Because we live in a very litigious society, any one who provides any type of procedure regardless of how simple, must tell the consumer of all possible complications related to the procedure. As a consumer I appreciate being told these things, it helps me make a more informed decision. However, all the legal jargon, medical terminology and statistical references end up translating into “just to let you know, there is the possibility of mild scarring, permanent disfigurement and even death.
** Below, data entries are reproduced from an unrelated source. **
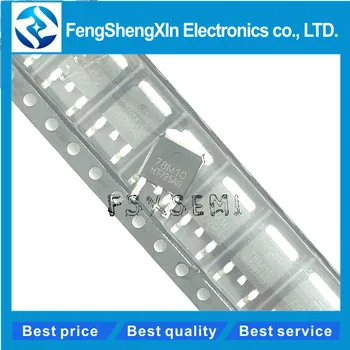 

10pcs/lot 78M10 TO-252 L7810 7810 L78M10CDT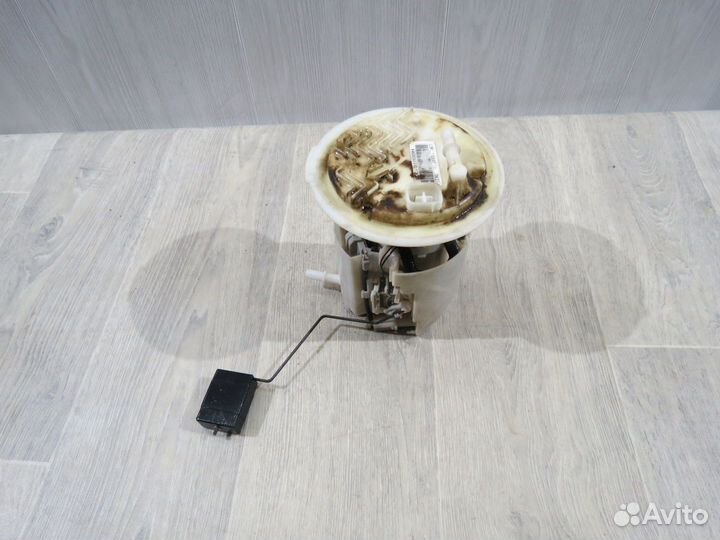 Бензонасос Mazda 6 MPS GG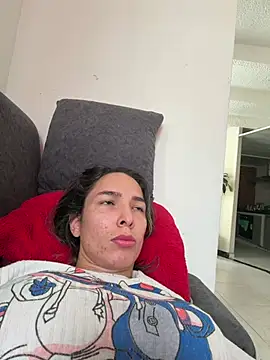 Niky 777 online show from 04-25-26, 05:43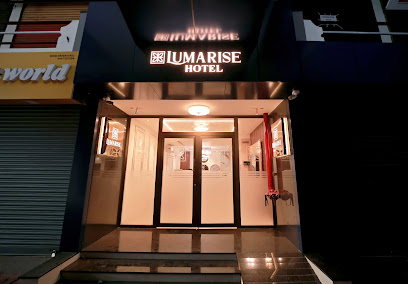 Lumarise Hotel
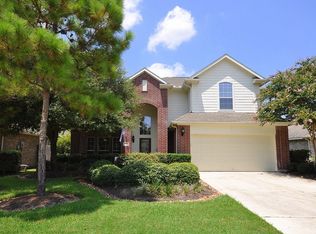 15210 Bentridge Dr, Houston, TX 77044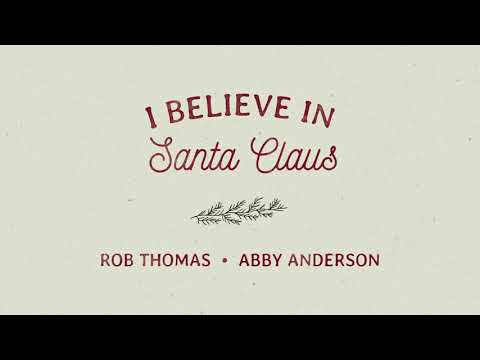 Video thumbnail for I Believe in Santa Claus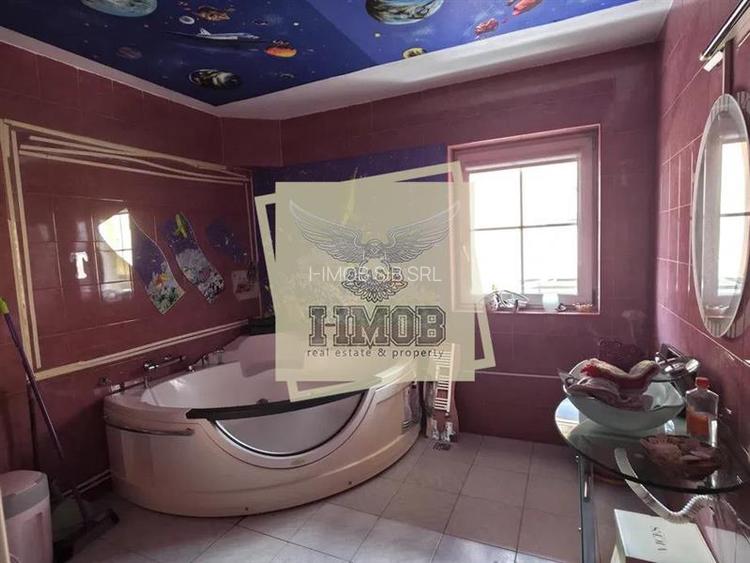 Apartament decomandat 4 camere etaj 1 Selimbar - 4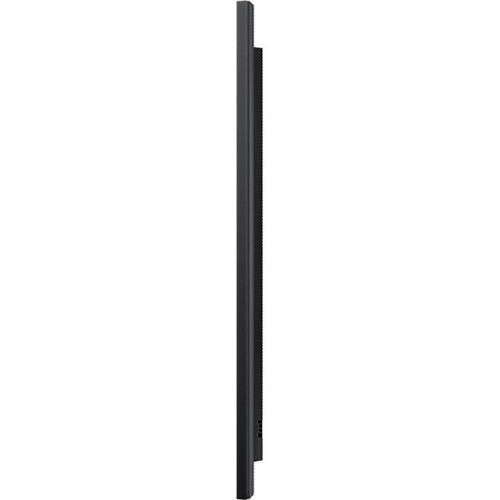Samsung QBR Series UHD Commercial Monitor
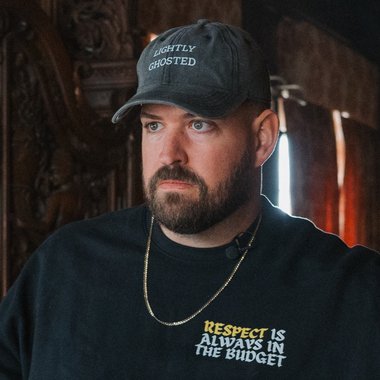 Garrett S. - Freelance Film Director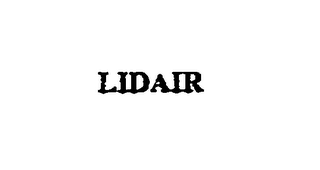 LIDAIR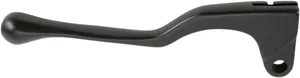 PARTS UNLIMITED CLUTCH LEVER LEFT BLACK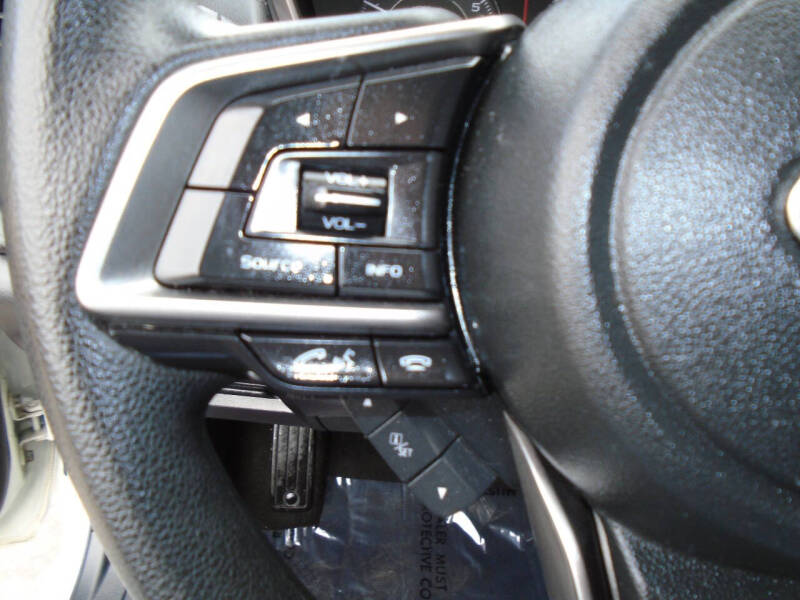 2019 Subaru Impreza Premium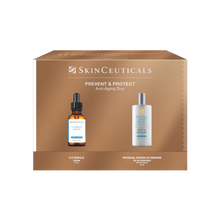 Load image into Gallery viewer, Prevent &amp; Protect Anti-Aging Duo (pick-up only)
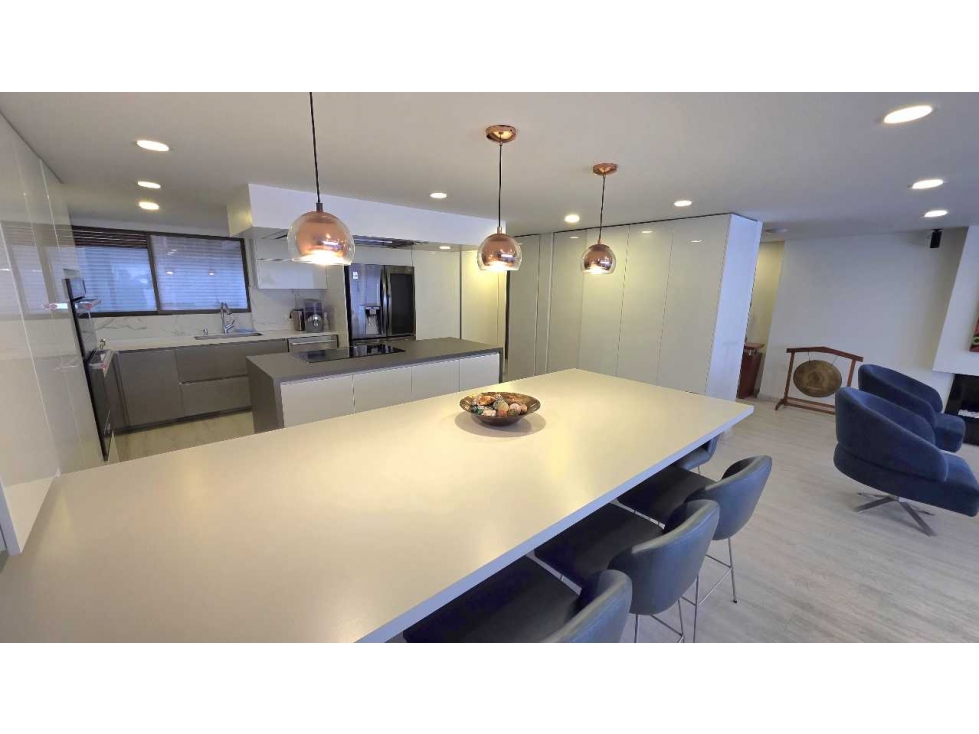 VENDO APARTAMENTO 167 mts EN MULTICENTRO (IC) — foto 6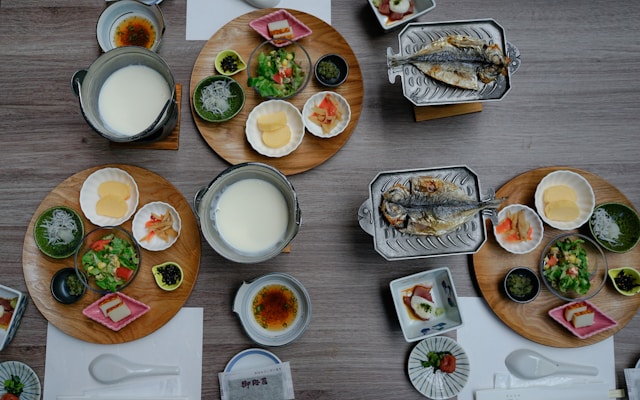Tableware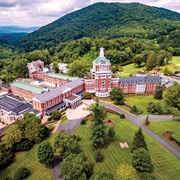 Hot Springs, Virginia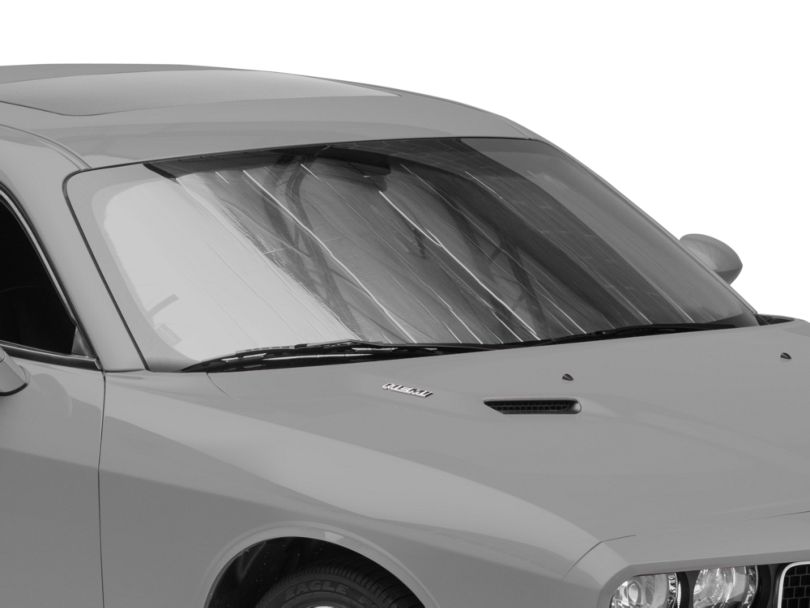Weathertech Challenger TechShade Windshield Sun Shade CH1432 (0820 All)
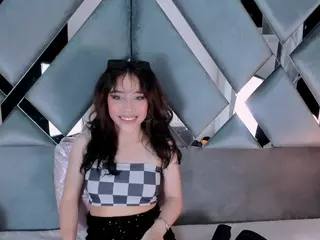Almawescott's Live Sex Cam Show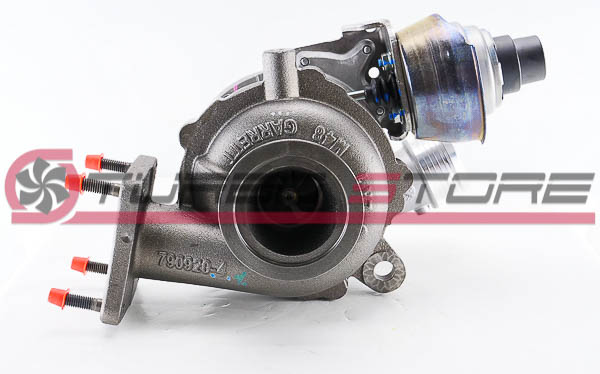 Turbolader 894595 GARRETT Original Neuteil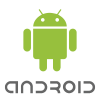 Android-logo-white 1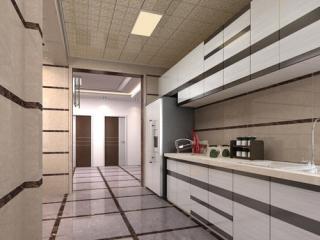 歐式鋁扣板吊頂效果圖-客廳簡(jiǎn)歐鋁扣板吊頂怎么裝的好看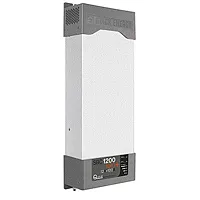 Quick SBC 1200 NRG+ Series Battery Charger - 12V - 100A - 3-Bank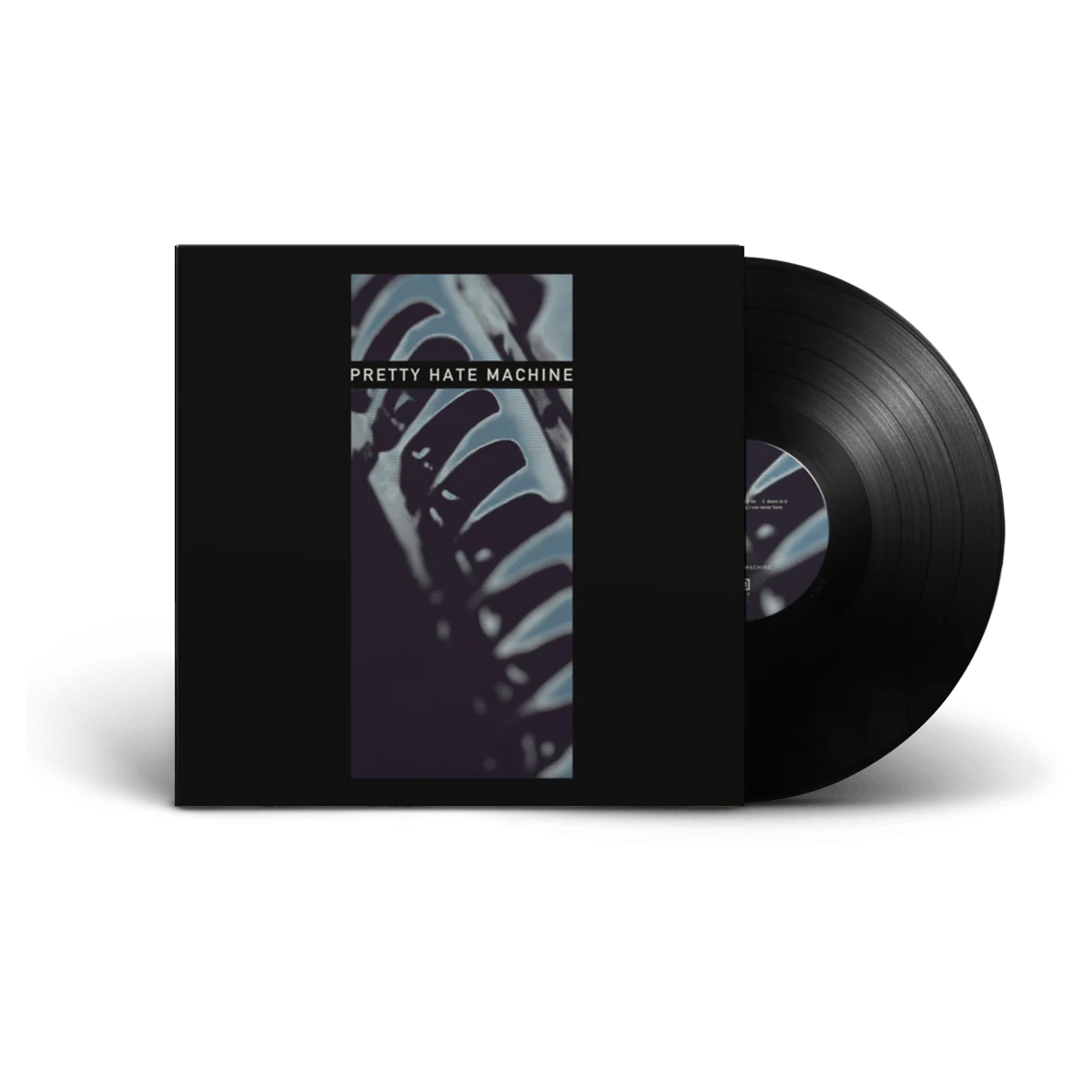 Nine Inch Nails - Pretty Hate Machine (Deluxe) (New Vinyl)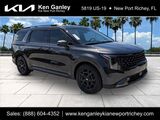 2026 Kia Carnival SX Prestige Video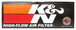 K&N 2020 BMW M550i 4.4L V8 Replacement Air Filter (2 Per Box) - DFW Speed Syndicate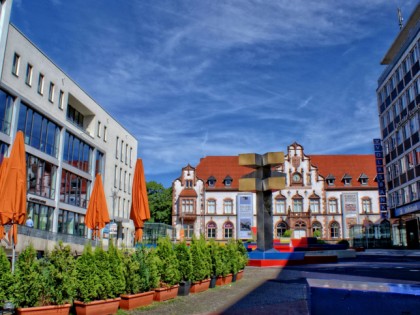 Foto: Stadt Mülheim an der Ruhr, Nordrhein-Westfalen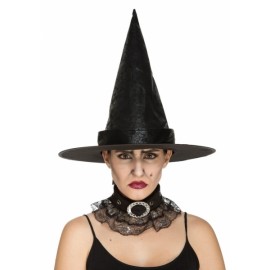 Sombrero de Bruja Noche de Brujas
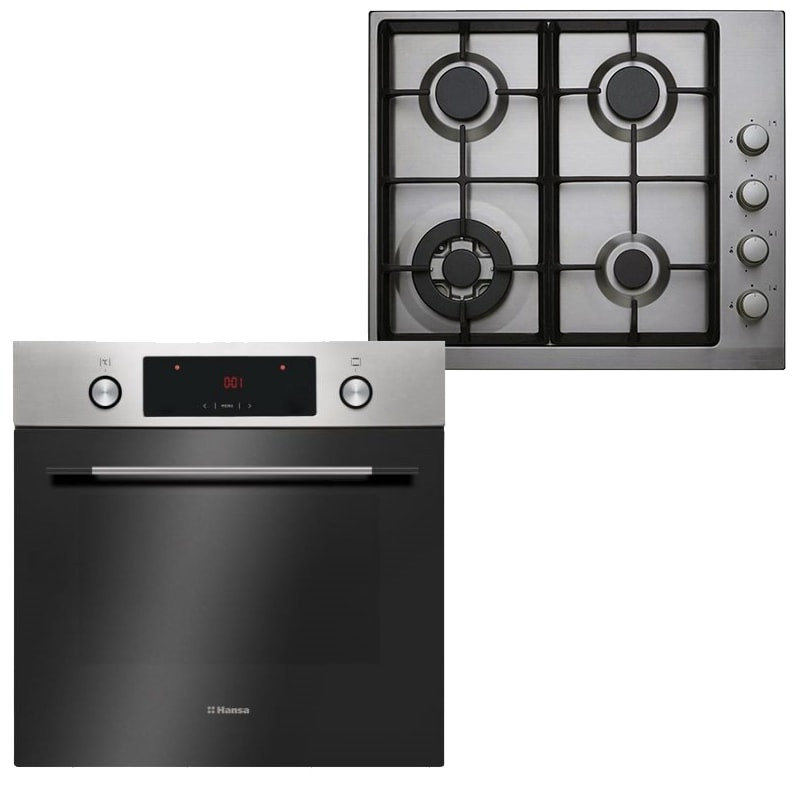 Духовой шкаф Hansa BOEI68481 Духовой шкаф Hansa BOEI68481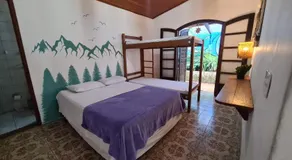 Hostel Na Praia - Hospedagens e eventos - Image 2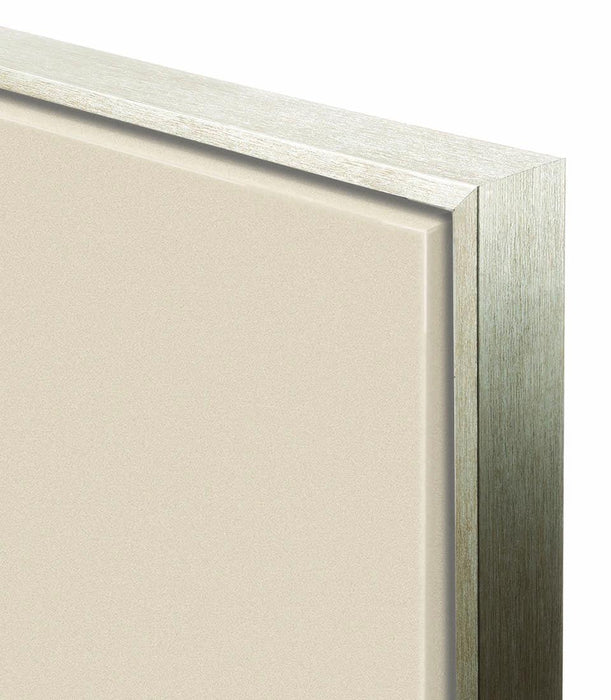 Quadro con cornice 70x140 L'Oca Nera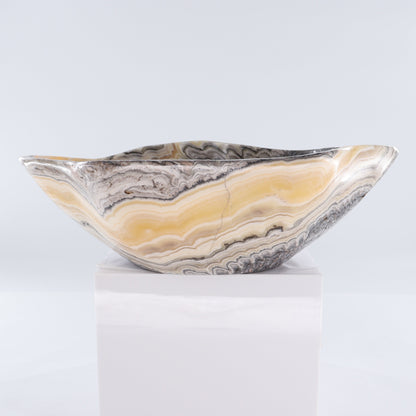 Onyx Bowl - Expert Wholesale and Supplier of Wholesale Crystals & Bulk Gemstones, ["Bowls","Mexico","onyx"]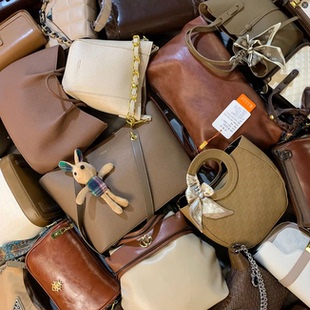 捡漏孤品时尚 清仓大福利爆款 福利 单肩斜挎女包大包托特包 特价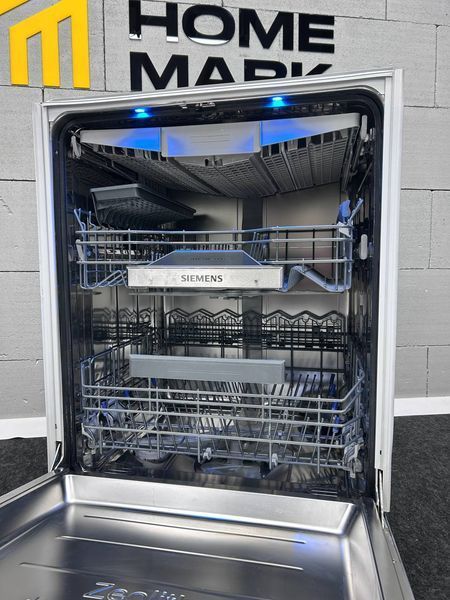 Посудомийна машина Siemens iQ700 SX85Z801BE PM0054 фото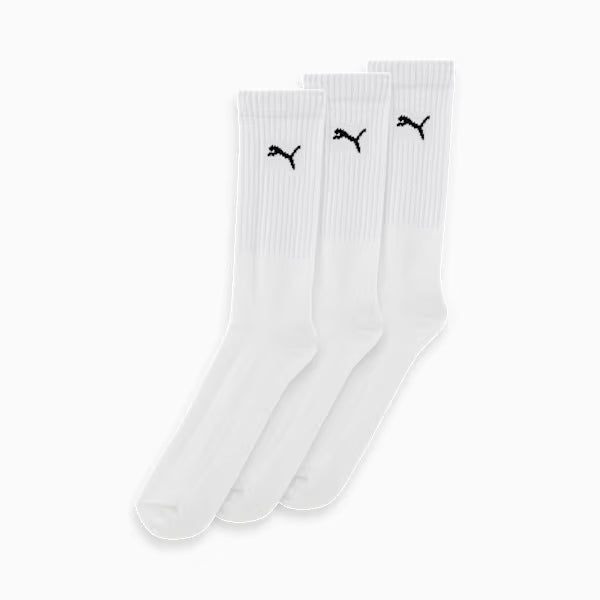 Heritage Inspired Crew Socks Pack of 3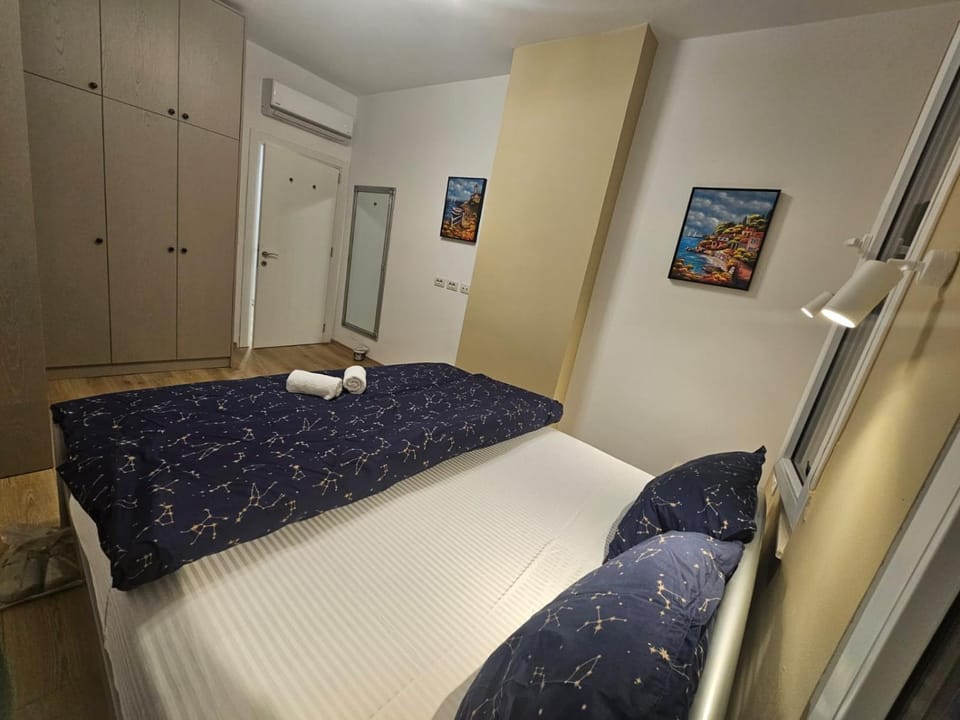 Diam Apartament - Rruga e Dibres Tirane Apartment in Tirana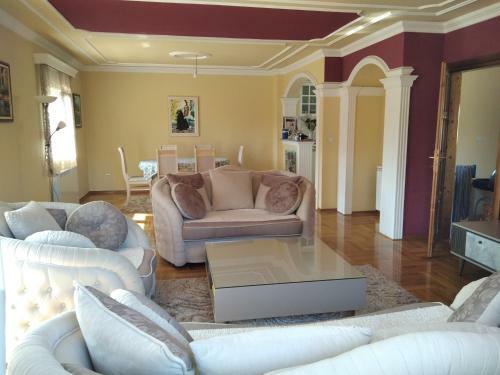 Apartamento Soks91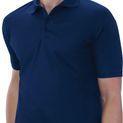 Casual Classics Original Tech Pique Polo - Navy Blue additional 1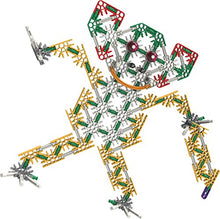 Load image into Gallery viewer, K'NEX Imagine Power and Play Motorized Building Set 529 Pieces Ages 7 and Up Construction Educational Toy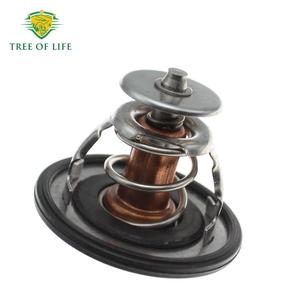 Tree Of Life Engine Thermostat 90916-03093 For Toyota Lexus Cars 82 <b>Temperature</b> <b>Control</b> Replacement Part - Product Image 1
Oh, and by the way, don’t expect a miracle.”
Ok, as a pessimist I generally by nature never expect miracles and I know I run the risk of slight scarring, permanent disfigurement and even death, but what I want to know is will there be any pain?
“Some patients experience slight discomfort and a burning sensation. Afterwards you may experience tingling similar to a sunburn.” (Being a fair-skinned red-head of scotch-Irish descent, I have experienced some pretty painful sunburns, one requiring a trip to the E.R.)
Translation: “Hell yes there will be pain. We are going to torch the top layers of your skin off with what basically is a glorified blow torch! How could you be so stupid as not to expect some minor discomfort?”
So weighing the risks, considering the pain, challenging my own moral dilemma about chosing vanity and giving in to society’s skewed idea of real beauty, as well as my instinct to not tempt fate and be thankful for what I have, tomorrow I will turn myself over to someone who only promises to burn the top few layers of my face off. Other than that no other promises can be made. And while I am likely to be pleased with the results upon a full (slightly uncomfortable) recovery, there are no guarantees I will be transformed into a radiant, highly successful supermodel. But even the pessimist in me can can find hope in the “individual results may vary” part of the glossy brochure right?